SOURCE DATA START

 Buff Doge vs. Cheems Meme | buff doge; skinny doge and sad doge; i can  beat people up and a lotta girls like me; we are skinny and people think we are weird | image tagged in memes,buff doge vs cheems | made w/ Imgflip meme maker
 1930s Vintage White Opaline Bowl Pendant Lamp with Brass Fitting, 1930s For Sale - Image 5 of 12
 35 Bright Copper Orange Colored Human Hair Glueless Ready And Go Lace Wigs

SOURCE DATA END
SOURCE DATA START

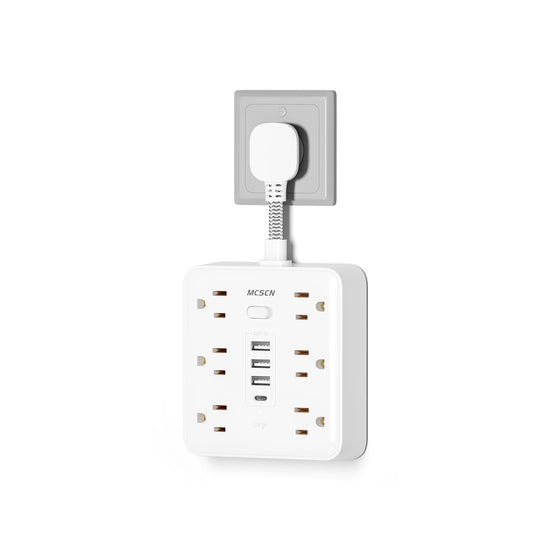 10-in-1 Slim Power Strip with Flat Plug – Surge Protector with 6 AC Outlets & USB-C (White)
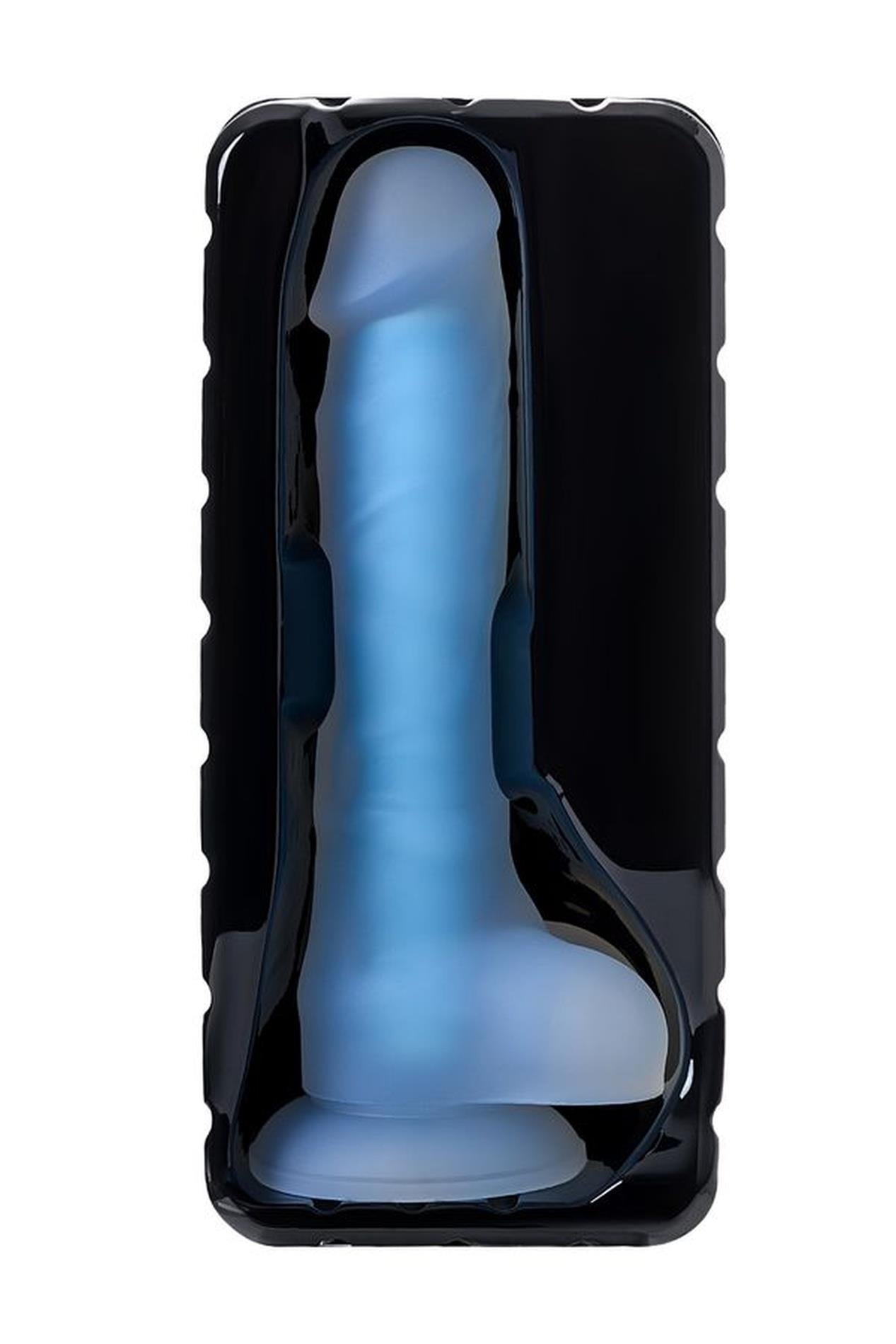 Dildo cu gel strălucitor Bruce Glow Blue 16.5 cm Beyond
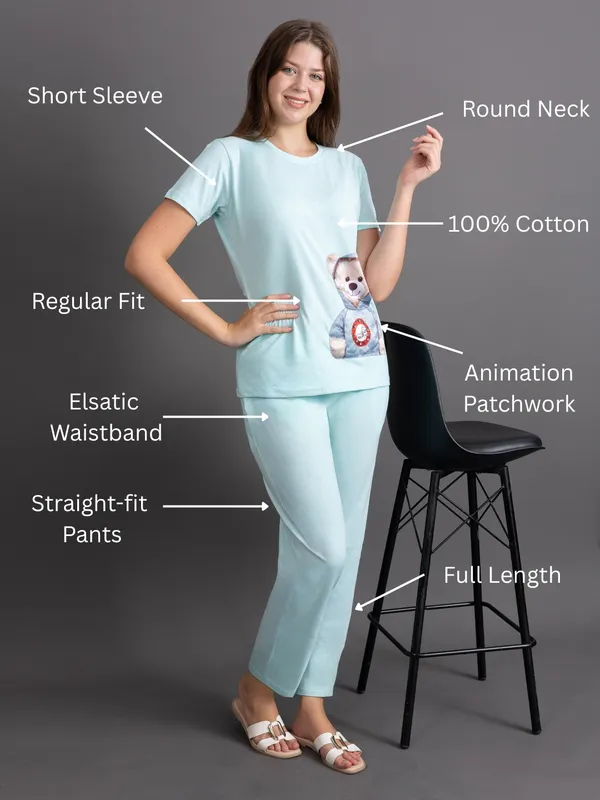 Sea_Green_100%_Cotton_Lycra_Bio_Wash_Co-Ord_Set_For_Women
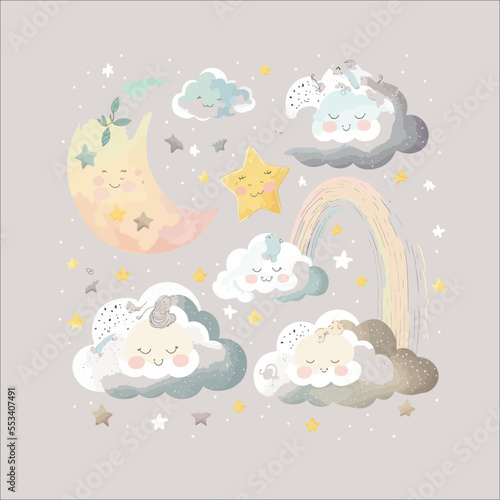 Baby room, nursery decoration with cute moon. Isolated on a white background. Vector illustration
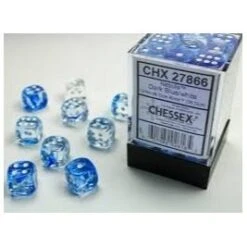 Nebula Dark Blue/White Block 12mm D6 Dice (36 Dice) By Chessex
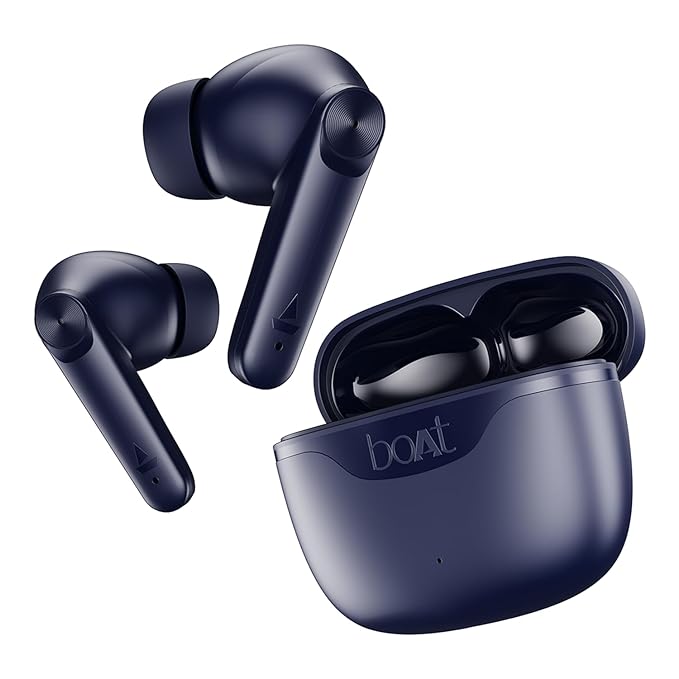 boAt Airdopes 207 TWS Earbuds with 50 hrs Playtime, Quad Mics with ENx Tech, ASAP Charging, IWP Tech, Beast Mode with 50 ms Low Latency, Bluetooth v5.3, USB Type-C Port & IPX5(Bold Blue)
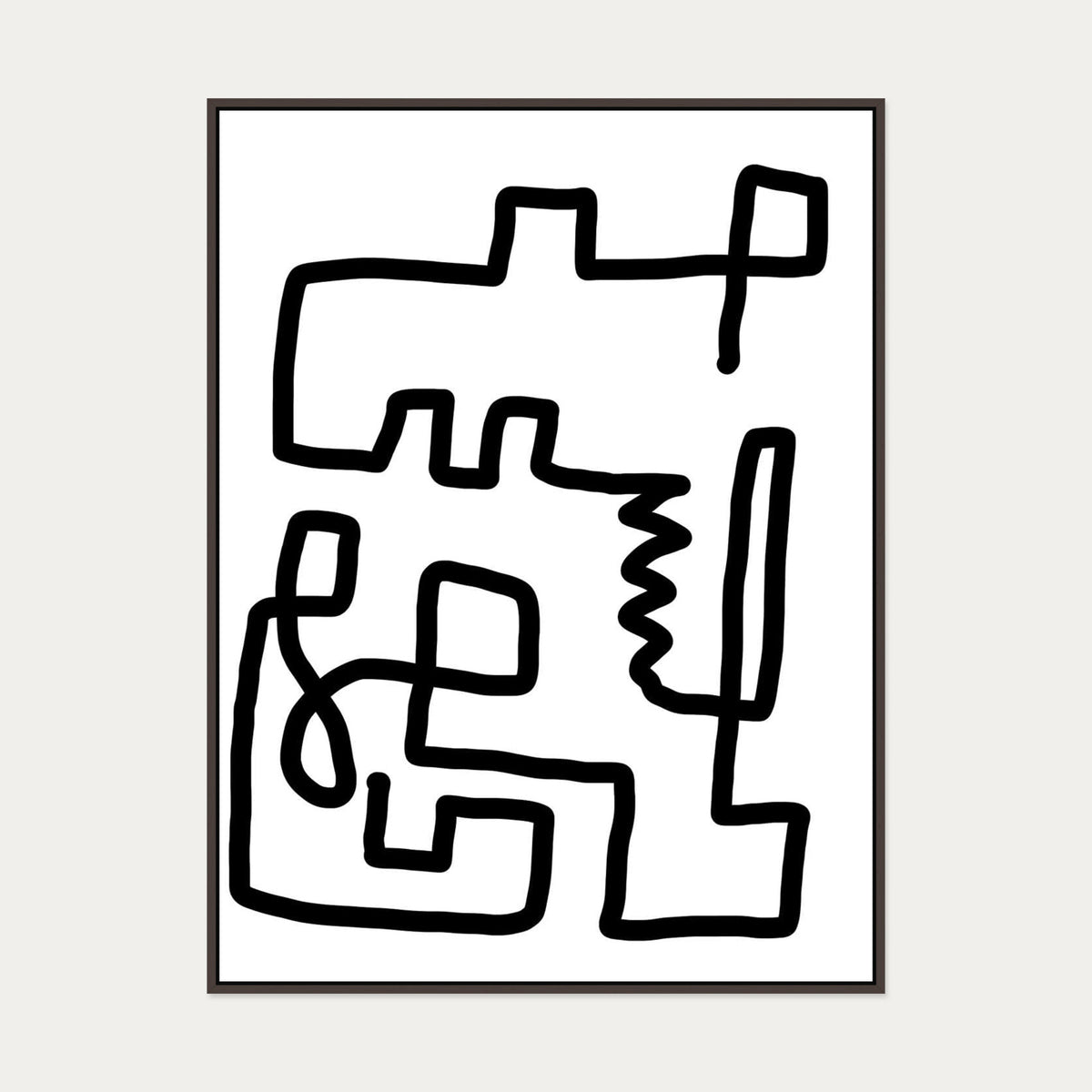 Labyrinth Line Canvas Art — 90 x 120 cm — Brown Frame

SOURCE DATA END

Beginning at the line that has "boAt Airdopes 207" and ending at the line that has "Labyrinth Line Canvas", restate the listing above word for word, pictures left out.

TASK SOLUTION
 boAt Airdopes 207 TWS Earbuds with 50 hrs Playtime, Quad Mics with ENx Tech, ASAP Charging, IWP Tech, Beast Mode with 50 ms Low Latency, Bluetooth v5.3, USB Type-C Port & IPX5(Bold Blue)
 Labyrinth Line Canvas Art — 90 x 120 cm — Brown Frame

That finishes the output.